The existing Shanghai-Hong Kong scheme captivated investors because they face virtually no barriers to trading in Hong Kong, a world financial center with a free-port styled economy and British law. That program opened 568 "A" shares normally traded just in Shanghai, where only government-approved foreign institutions are allowed to trade.

As of November, the Shanghai-Hong Kong Stock Connect had generated $332.4 billion in trades, 72% of that in the Shanghai-listed companies.

This year China may connect Hong Kong and the mainland's Shenzhen bourse, analysts say. Shenzhen is known for aggressive startups and high valuations. A deputy market regulator said in November the government would "continue to advance the work" of the Shenzhen scheme, per the state-run newspaper China Daily.

"There is talk of Shenzhen opening up to foreign investors in a...connect scheme similar to the Hong Kong-Shanghai connect," said Michael McGaughy, a personal investor working in Hong Kong's finance industry. "I hope it happens, but it's always difficult to tell."

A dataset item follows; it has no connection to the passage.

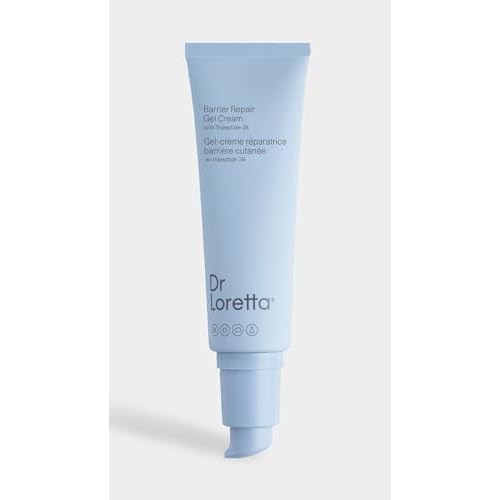 Dr. Loretta Women's Barrier Repair Gel Cream, Multicolor, 1.7 Ounce (Pack of 1)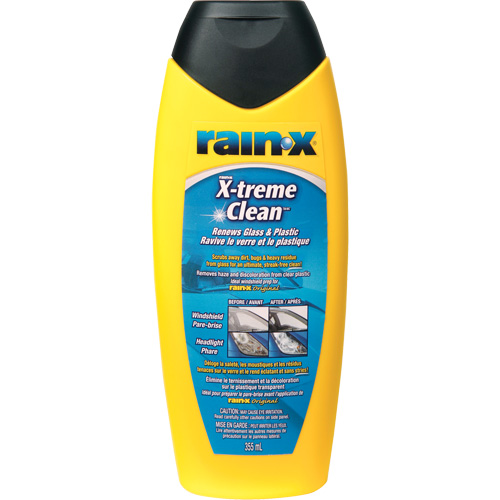 Nettoyant pour le verre et le plastique X-treme Clean Northern Industrial Supply Inc.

China is also eyeing a connect program with London. British and Chinese authorities decided in October to launch a feasibility study, the first step. One analyst is predicting an overseas link for China's over-the-counter board, the National Equities Exchange and Quotations.

Any new scheme would give foreign investors potentially hundreds more "A" shares to choose. The government normally controls its capital markets to stop outflows that could hurt the economy.

Chinese shares are still considered risky after mid-year 2015 loss of 40% sparked by over-aggressive margin lending. They rebounded 23% between a low in August and year's end but have bled another 13% so far this year. Beijing has already tried circuit breakers, criminal probes and its own stock buys to raise prices.

Chinese officials hope foreign funds will find their way into companies such as social networking firm Zhengzhou Zoneyet Technology or safety-monitoring equipment supplier Geokon Instruments. They're small, over-the-counter firms emblematic of the government's drive to promote tech as an alternative to manufacturing.

But analysts say foreign funds may go instead for the likes of Nasdaq-traded China Telecom (CHA) , China Mobile (CHL) and Agricultural Bank of China (ACGBY) as anchors of the country's larger growth-linked industries.

This article is commentary by an independent contributor. At the time of publication, the author held no positions in the stocks mentioned.